Many roads lead to health and wholeness, but two in particular will get us there faster. These two non-Western, holistic paths are Yoga and Ayurveda. They are non-western because they were born from the Eastern Vedic Tradition of India. They are holistic because they do not divide a person into separate parts of flesh and thoughts and mechanisms. They see the person as a unit of body-mind-spirit. They understand the human as a NON-DUALITY, NOT A DUALITY. Humans are whole. We just don’t see that very often.
The path of Raja Yoga is the meditative, spiritual part of the Yogic Tradition. The Samkhya philosophy is the foundation of that tradition. Ayurveda is the lifestyle path of the Samkhya philosophy. Ayurveda helps people handle the four major urges or needs in our lives, namely: food, sleep, sex and self-preservation. I have mentioned these four needs often in my writing, but today I want to focus on the union of the four.

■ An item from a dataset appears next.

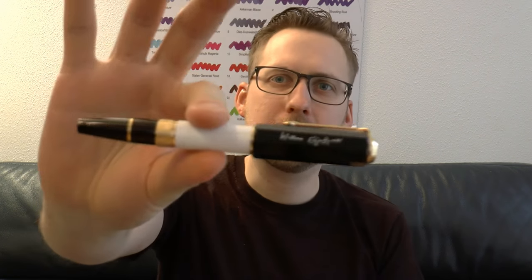Hey there. To be or not to be? Not to be, because it is an extra fine. You get it? All right. Today we're going to have a look at the Shakespeare — it's one of the Montblanc Writers Edition pens. It was kindly lent to me by Appelbaum Pennen, and I think it's definitely an interesting pen.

Whenever we don’t have the proper food, or are sleep-deprived, or don’t get enough physical attention (not necessarily sex, but hugs and non-sexual touches), we get irritated and actually start to worry that we are not going to have enough of what we need to survive, much less to be happy. It starts to get angry and even strikes out at anything and anyone that is perceived to be keeping the proper amount of food, sleep, or hugs from us. This yelling and screaming or anger is because the unit of the human feels threatened. It is the victim of some cruel threat.
An example will help us understand this. Notice what happens when little children, especially two- or three-year-olds, are overtired. They yell and scream and fight mom or dad. The child undermines its own needs and fights going to sleep. Sometimes just holding the child helps, yet usually they don’t even want to be touched. I saw this with my granddaughter last week. It was after 10 pm and Tia did not have a nap all day. She bounced around in the resort lake water most of the afternoon. Now she wanted some food even though she really should have been in bed about an hour ago. I took some of her blueberries and she went berserk. She flailed around and couldn’t be consoled. Her whole self was in self-preservation mode because one of the ingredients of happiness, according to Ayurveda, was missing—she needed sleep.
I often find myself hungry late at night, not just because my digestive juices start to rumble, but because I am tired and want to stay up and finish what I am doing. By eating late at night I throw off my digestion and my internal peace and even find myself upset as I am heading to bed two hours later. Our lifestyle patterns of meeting these basic needs and urges trigger our feelings and then our thoughts become negative and we suffer in our spirits. Managing all of these needs well means making a happy Michael.
I encourage you to study yourself in reference to how each of the individual needs affect the entire you! Knowing this can make this difference between happiness and misery.
Happy unity! That means happy yoga to you!